> Your assignment
From the first line to the last, restate the data exactly, leaving out the images.

# # # #

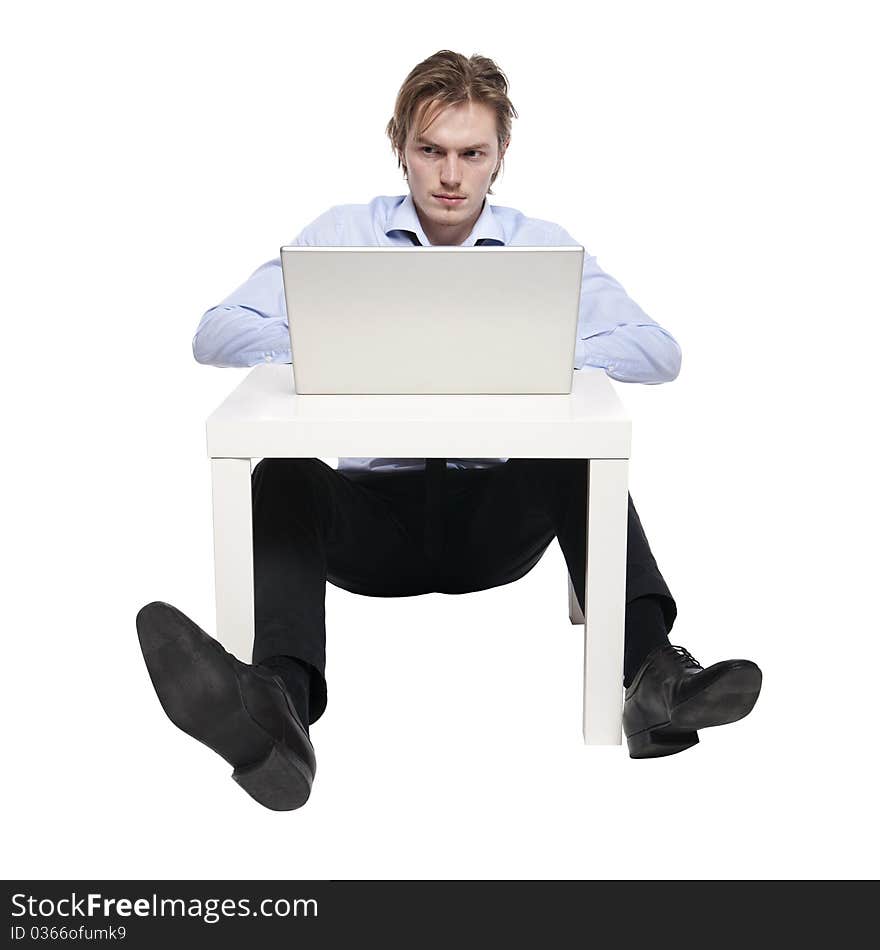 Young businessman, office worker or student with laptop, Studio photo of young man sitting at funny small table. Young businessman, office worker or student with laptop, Studio photo of young man sitting at funny small table.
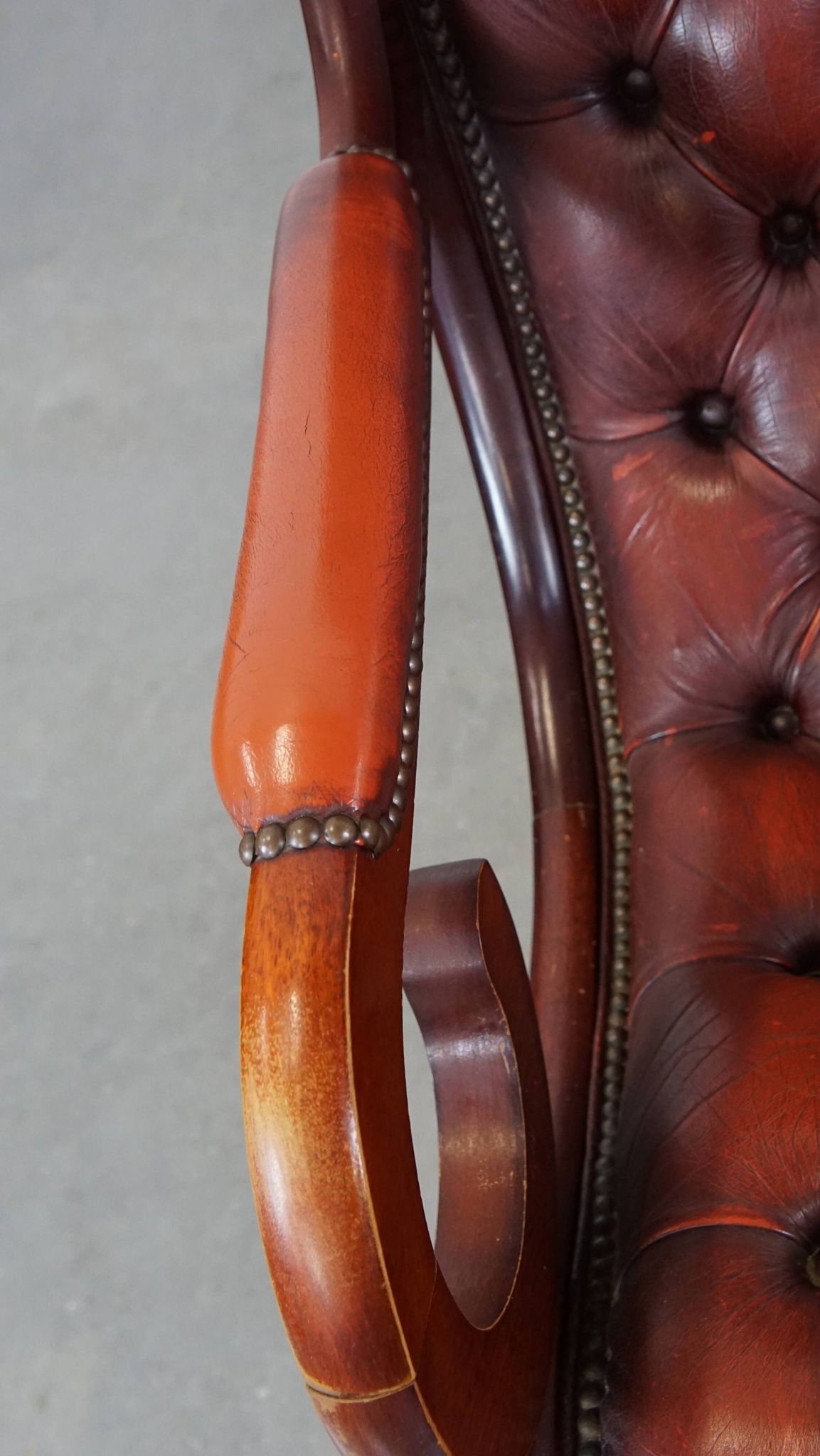Red cowhide leather English Chesterfield armchair combined with wood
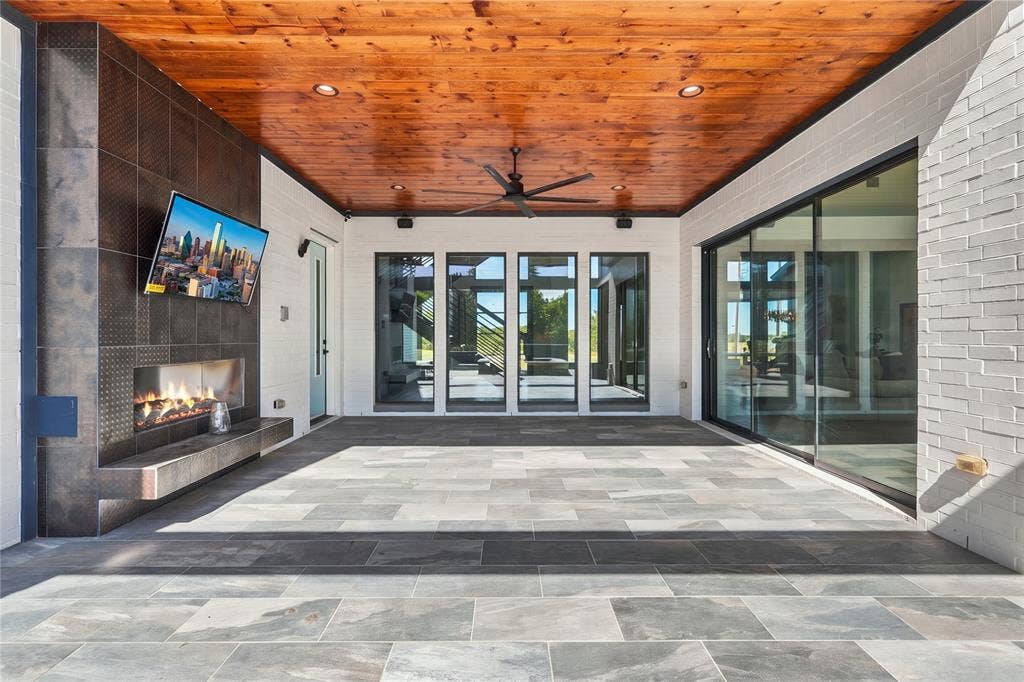 211 Hunter Pass, Waxahachie, TX 75165 Covered patio featuring a natural wood-finish plank ceiling, large-format tile flooring, a floor-to-ceiling tiled fireplace surround, and expansive sliding glass doors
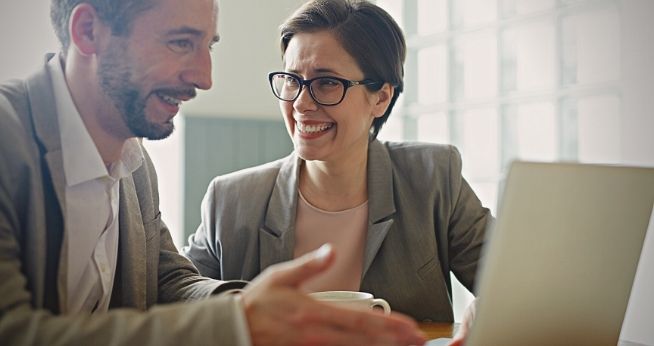 An executive coaching session with two participants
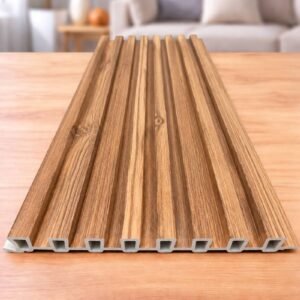 Wood finish fluted wall panel with a natural brown wood-grain texture displayed on a wooden surface.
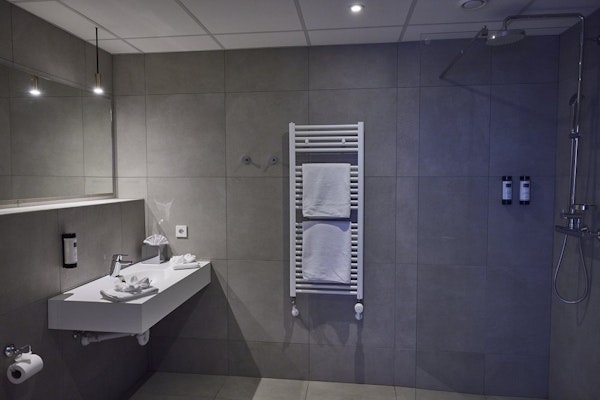 A bathroom with a heated towel rail and towels at Hotel Vesturland in Borgarnes.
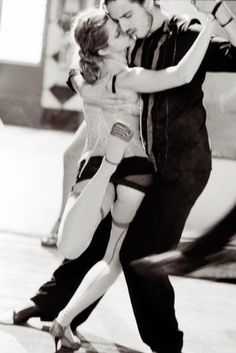 a man and woman are dancing on the street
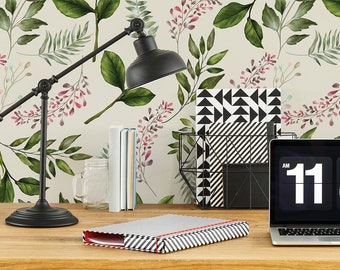 May include: A home office desk with a black lamp, a laptop with a digital clock displaying 11:40, a white mug with the letter C, and a stack of black and white patterned notebooks. The desk is against a wall with a floral wallpaper featuring green leaves and pink flowers.
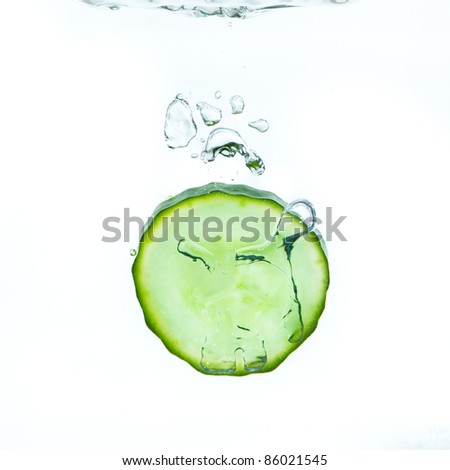 sliced cucumber splashing water isolated on white background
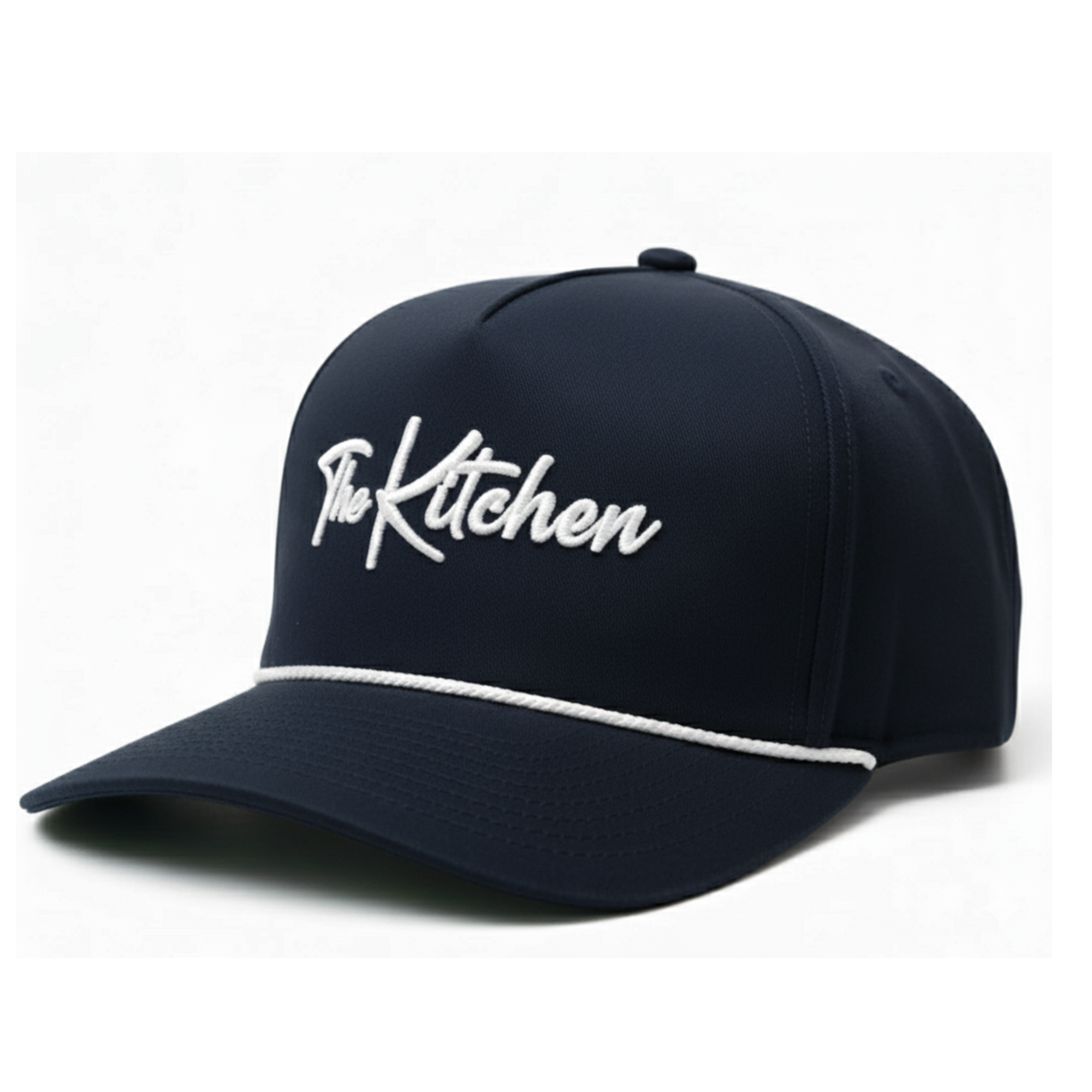 Navy blue cap with 'The Kitchen' logo on a white background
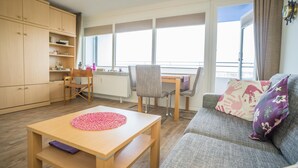 Ein gemütliches Wohnzimmer mit einer Couch, einem Couchtisch und einem Essbereich mit Stühlen und einem Tisch.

# # # #

> Result below
 Young businessman, office worker or student with laptop, Studio photo of young man sitting at funny small table. Young businessman, office worker or student with laptop, Studio photo of young man sitting at funny small table.
Red cowhide leather English Chesterfield armchair combined with wood
 211 Hunter Pass, Waxahachie, TX 75165 Covered patio featuring a natural wood-finish plank ceiling, large-format tile flooring, a floor-to-ceiling tiled fireplace surround, and expansive sliding glass doors
 An executive coaching session with two participants
 Wood finish fluted wall panel with a natural brown wood-grain texture displayed on a wooden surface.
 A bathroom with a heated towel rail and towels at Hotel Vesturland in Borgarnes.
 a man and woman are dancing on the street
 May include: A home office desk with a black lamp, a laptop with a digital clock displaying 11:40, a white mug with the letter C, and a stack of black and white patterned notebooks. The desk is against a wall with a floral wallpaper featuring green leaves and pink flowers.
 sliced cucumber splashing water isolated on white background
 Navy blue cap with 'The Kitchen' logo on a white background
 Ein gemütliches Wohnzimmer mit einer Couch, einem Couchtisch und einem Essbereich mit Stühlen und einem Tisch.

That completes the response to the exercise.